Jesus inicia o sermão dizendo “Bem-aventurados os pobres de espírito, porque deles é o reino dos céus”. A expressão “pobres de espírito” – diferente do texto de São Lucas, que se refere somente ao termo “pobres” - elimina a possibilidade de uma interpretação errônea segundo a qual a carência de bens materiais, por si só, possa proporcionar a felicidade ou ser um valor perante Deus. A tradição considera “os pobres de espírito” como aqueles que, despojados do orgulho, da prepotência, da autossuficiência sustentam a sua vida na graça e na misericórdia de Deus. Humildade é a característica daqueles que reconhecem a sua miséria espiritual e sabem que são dependentes do amor, da misericórdia e da compaixão divina.

Também podemos pensar em “pobres de espírito” como pessoas que estão em situações de carência/pobreza existencial - fracasso, frustração, sensação de exclusão ou de indiferença que podem ser tão dolorosas quanto a pobreza material. O Papa Francisco faz referências às “periferias existenciais”, onde pessoas experienciam profundas feridas internas, suportando a solidão, a depressão e a tristeza.

São 8 bem-aventuranças e nelas, Jesus tira o véu dos fatos e aponta como o começo do Reino já está acontecendo na prática dos pobres como dom e graça de Deus. Não há bem-aventurança para os fariseus, nem para os escribas, nem para os ricos e poderosos. A prática dessas pessoas não revela o Reinado de Deus.

Além dos pobres no espírito, Jesus apontou mais 7 categorias de pessoas:

• Os mansos (1) e aflitos (2): dizem respeito ao relacionamento com os bens materiais, terra e consolo.

• Fome e sede de justiça (3) e misericordiosos (4): dizem respeito ao relacionamento com as pessoas na comunidade: justiça e solidariedade.

• Coração limpo/puro (5) e promotores da paz (6): dizem respeito ao relacionamento com Deus: ver a Deus e ser chamado filho de Deus.

• Os perseguidos por causa da justiça e do evangelho (7): é quase uma consequência das bem-aventuranças anteriores. Já que a lógica do mundo é indubitavelmente diferente da lógica divina, é possível e até provável que haja conflitos quando o cristão se posiciona política e publicamente. Mas, mesmo sendo perseguido, sua vida tem sentido: será sal da terra (5,13) e luz do mundo (5,14- 16).

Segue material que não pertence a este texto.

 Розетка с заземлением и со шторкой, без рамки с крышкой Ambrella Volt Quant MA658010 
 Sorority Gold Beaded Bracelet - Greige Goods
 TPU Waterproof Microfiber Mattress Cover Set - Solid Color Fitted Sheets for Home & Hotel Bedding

O projeto do Reinado de Deus contido nas bem-aventuranças visa reconstruir a vida humana na totalidade das suas relações, seja com os bens materiais, seja com as pessoas e a comunidade, seja na relação com Deus. É um projeto para a comunidade, por isso as bem-aventuranças estão no plural, porque ninguém pode ser feliz sozinho. A felicidade é relativa à comunidade, ao grupo, à sociedade; não é algo privado, não é uma questão meramente individual, mas é essencialmente social e comunitária. Jesus indica que a felicidade de cada um está condicionada à felicidade dos outros com quem cada um convive. Ele não fala a indivíduos solitários, mas para pessoas com vínculos sociais, em um sistema de convivência que, para o bem ou para o mal, condiciona a todos.

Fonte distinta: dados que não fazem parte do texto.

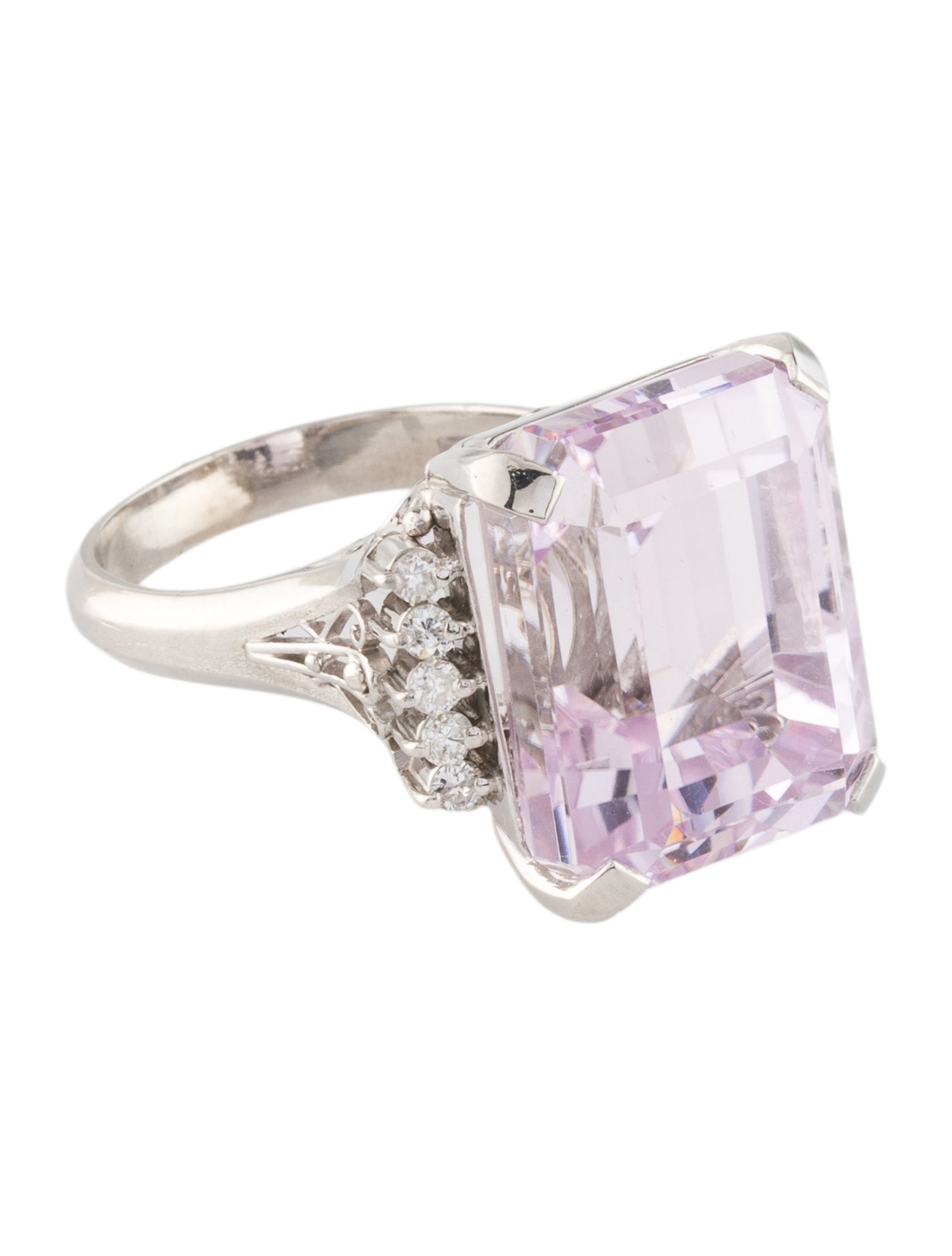 Ring Platinum 19.76ct Kunzite & Diamond Cocktail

O programa ético das bem-aventuranças busca refazer as relações familiares, as relações de trabalho, as relações entre o governo e o povo, de modo que possa haver justiça para os pobres, os mais frágeis socialmente, que foram e ainda são alvos da mensagem do Sermão da Montanha.




Os “pobres no espírito”- Johan Konings, SJ


A insistente pregação de Jesus e da Igreja em favor dos pobres incomoda certas pessoas. Nas Bem-aventuranças segundo Mt (evangelho), Jesus felicita os “pobres no espírito”. Por que “no espírito”? Talvez não sejam os materialmente pobres? É possível ser pobre no espírito e rico materialmente?

Já no Antigo Testamento (1ª leitura), Deus mostra que seu favor não depende de poder e riqueza. Ele prefere os que praticam a justiça, ainda que pobres: os “pobres do Senhor”. Isso era difícil entender para os antigos israelitas, que – como muita gente hoje – viam na riqueza uma prova do favor de Deus.

Jesus, no evangelho, anuncia o Reino de Deus, como dom e missão, aos que têm esse espírito dos “pobres de Deus”: os que não pretendem dominar os outros pelo poder e a riqueza, mas se dispõem a colaborar na construção do reino de amor, justiça e paz, tornando-se pobres, colocando-se do lado dos pobres e confiando antes de tudo no poder de Deus e no valor de sua “justiça”, que é a sua vontade, seu plano de salvação. Os “pobres de Deus” assumem atitudes inspiradas por Deus e seu reino: pobreza (não apenas forçosa, mas no espírito e no coração), paciência (com firmeza), justiça (com garra), paz (na sinceridade) etc. Aos que vivem assim, Jesus anuncia a felicidade (“bem-aventurança”) do reino. Esses são os cidadãos do reino, os herdeiros da terra prometida. E, de fato, o “manso”, o não-violento tem bem mais condições de usar a terra que o grileiro. Os pobres solidários constroem uma sociedade melhor que os ricos egoístas. Há quem diga que as Bem-aventuranças não visam os pobres materialmente, porque esses não podem ser os “promotores da paz” aos quais se refere a sétima bem-aventurança (Mt 5,9). Mas será que a verdadeira paz, fruto da justiça, não é promovida pelos pobres e os que em solidariedade com eles lutam pelo direito de todos?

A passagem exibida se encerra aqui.